Every record here must be copied exactly, except for the images it holds.

- _Provided data_:
-*-

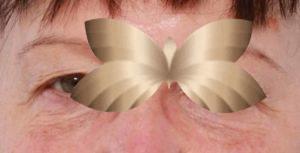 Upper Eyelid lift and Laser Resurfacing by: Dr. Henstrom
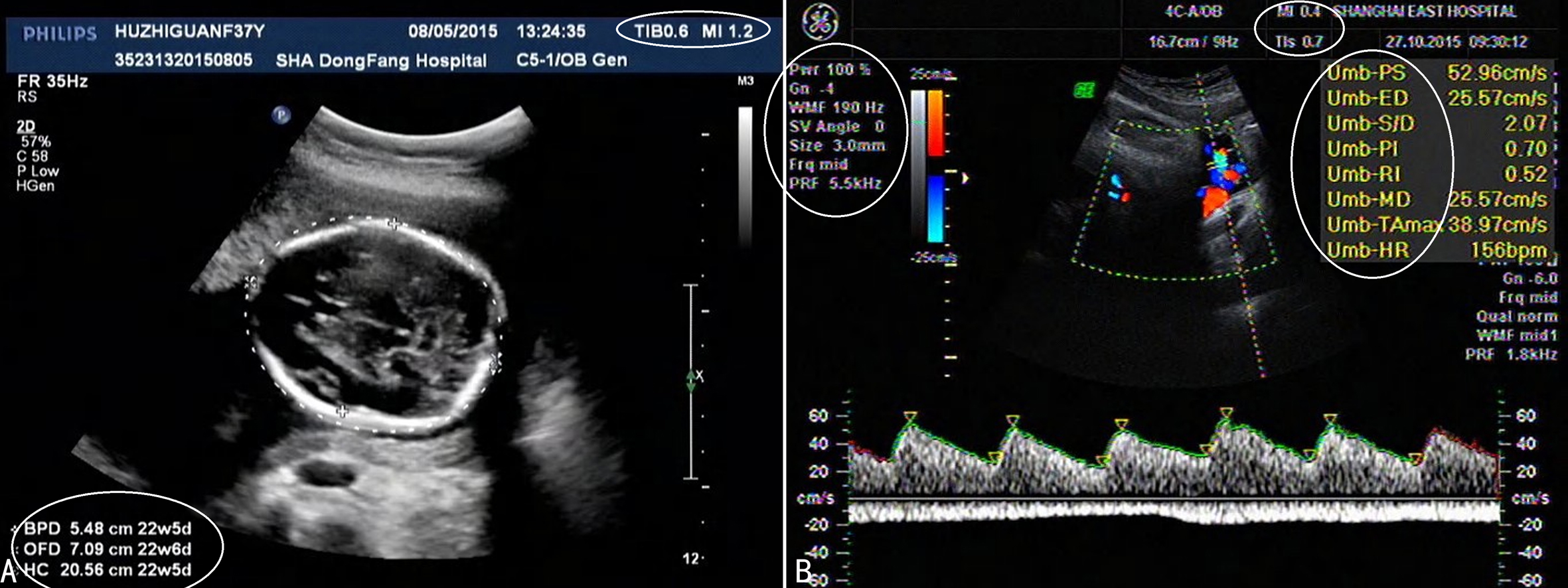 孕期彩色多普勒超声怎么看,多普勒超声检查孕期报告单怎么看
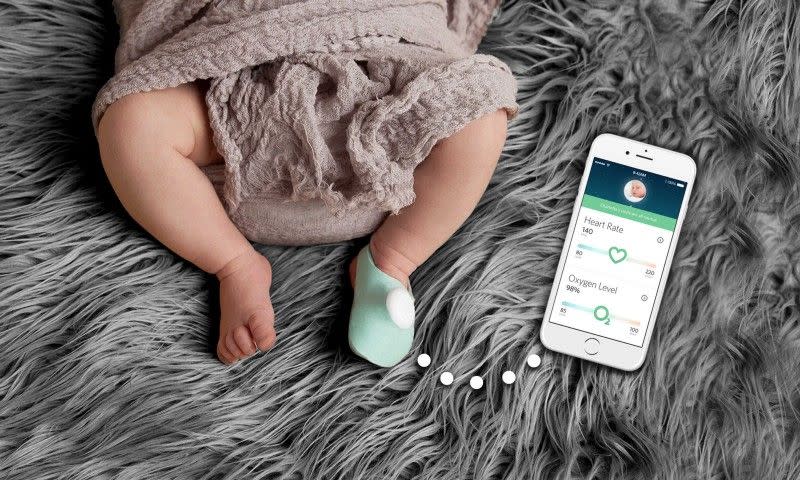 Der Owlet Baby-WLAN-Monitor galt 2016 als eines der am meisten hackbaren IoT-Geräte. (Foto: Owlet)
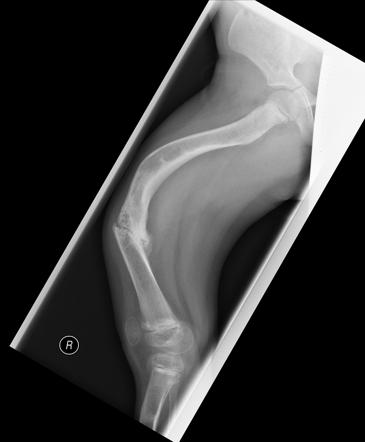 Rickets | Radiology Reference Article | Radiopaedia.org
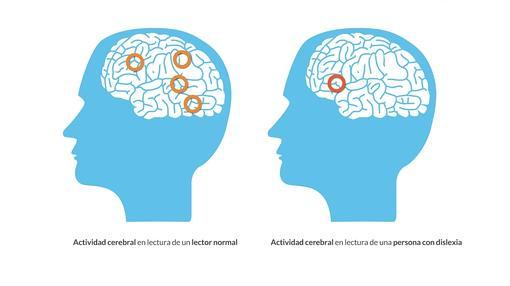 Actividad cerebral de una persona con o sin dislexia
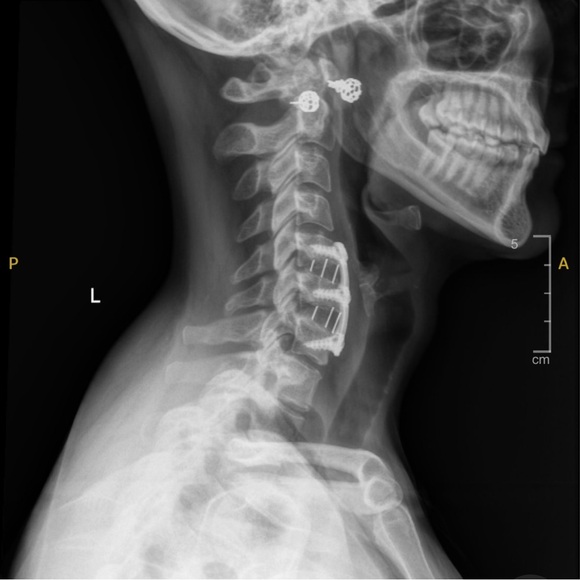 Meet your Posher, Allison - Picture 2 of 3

-*-

- _Answer section_:
 Upper Eyelid lift and Laser Resurfacing by: Dr. Henstrom
 孕期彩色多普勒超声怎么看,多普勒超声检查孕期报告单怎么看
 Der Owlet Baby-WLAN-Monitor galt 2016 als eines der am meisten hackbaren IoT-Geräte. (Foto: Owlet)
 Rickets | Radiology Reference Article | Radiopaedia.org
 Actividad cerebral de una persona con o sin dislexia
 Meet your Posher, Allison - Picture 2 of 3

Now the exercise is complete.